Some of the things I jotted down for the council was to select a diverse and dedicated group of committee members that maintain their commitment to this process. And this is important; their credibility will need to start with their appointment. Credibility is really, really important. I know that Erma talked about it in their process, in her effort to try to get this reform. Of course you have all of your naysayers and so forth that want to collectively try to stop your process, slow it down or do whatever they can. Unfortunately for our process, we're right in the middle of that right now in the last couple of weeks. It's important that the council support the effort for reform. We have nine councilmen and all nine of them are in support of reforming our constitution and that's very rare to see a consensus of nine versus none for a reform of a constitution. They basically understand the concept of Native nation building. I believe all of them have attended a session on building of Native nations. They understand how our government is functioning now and what they can see in the future as far as a new reformed constitution. They have all participated in forums and surveys regarding this reform process. The majority of them have sat on focus groups.

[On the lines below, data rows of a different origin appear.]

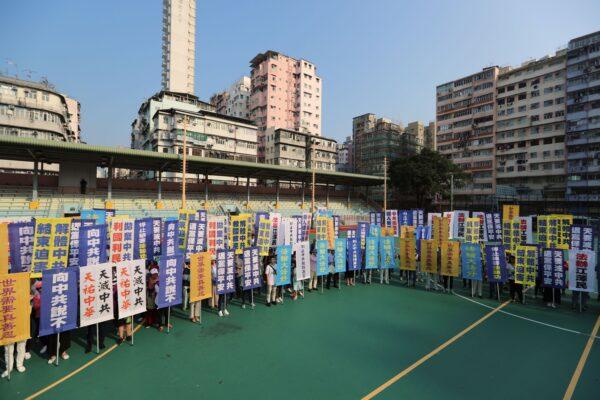 Members of the Falun Gong spiritual group, a group banned in mainland China, gather to protest at a playground in the Sham Shui Po district in Hong Kong on Oct. 1, 2019, as intense protests were expected across the city on the 70th anniversary of communist China's founding. (May James/AFP/Getty Images)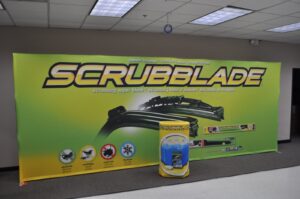 Green 20 ft pop up fabric display with a matching round printed counter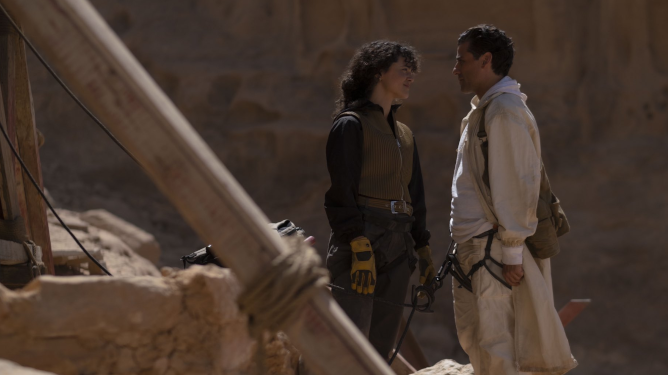 May Calamawy and Oscar Isaac share a moment together while strapped to climbing gear in the Cairo desert in the new MCU series on Disney+ MOON KNIGHT. 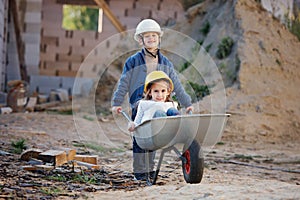 Boy and girl playing on construction site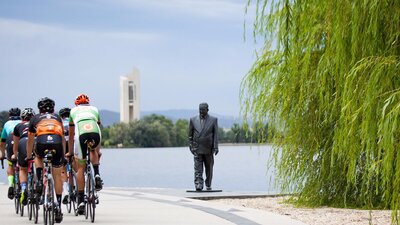 Group of cyclists going past the R G Menzies statue on the Lake Burley Griffin foreshore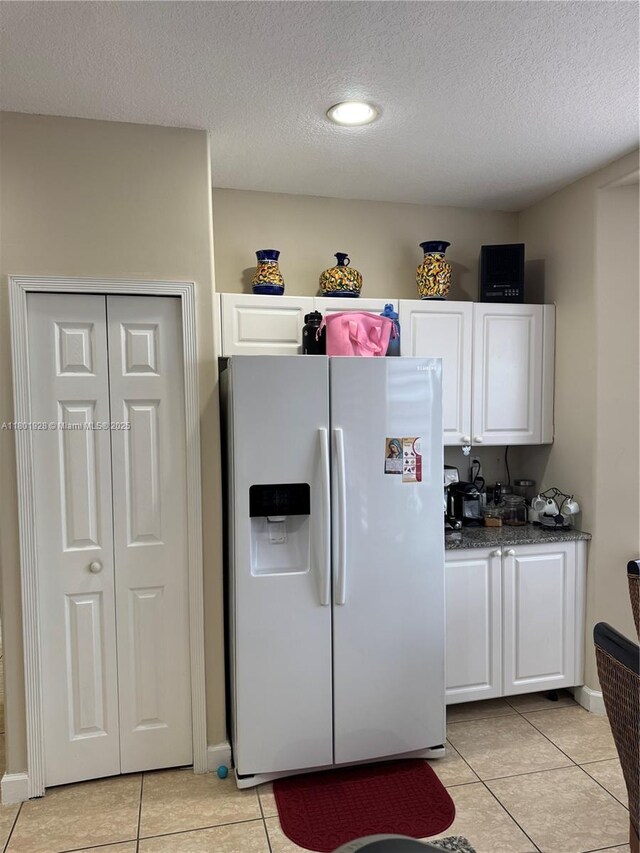 4892 NW 109th Pl, Doral, FL 33178 - kitchen featuring white refrigerator with ice dispenser, white cabinets, light tile patterned floors, a textured ceiling, and recessed lighting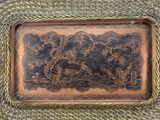 a brown and black tray sitting on top of a wicker table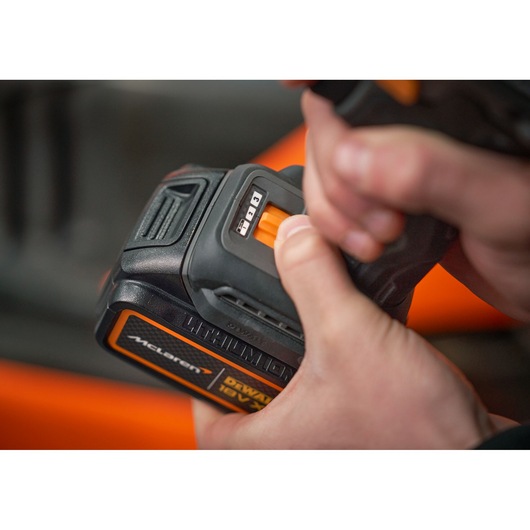 Close-up of hands holding a DEWALT 18V lithium-ion battery pack, showing the battery status indicator and part of an orange power tool in the background.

Credibility will take its form if the committee remains autonomous. With the support of this sitting council we have remained very autonomous and that helps with the credibility. Any political pressure or micromanaging will lower the committee's credibility perception by the membership. Early on we had run into that difficulty, but since then we've worked diligently with the council and I think we're all going in the right direction as far as a reform process. Council should support the effort by shelling over the dollars. What I mean by that is if you're committed and you have an appointed group that has to go out to these communities, has to go out to the membership, get them to buy into this reform process, it's going to take some money, it's going to take a lot of time. We were shooting initially for a six-month process of beginning our appointment and I guess it was eight months. We were hoping by the following June that we'd have something in place as far as a new reformed constitution but that was a year and a half ago now.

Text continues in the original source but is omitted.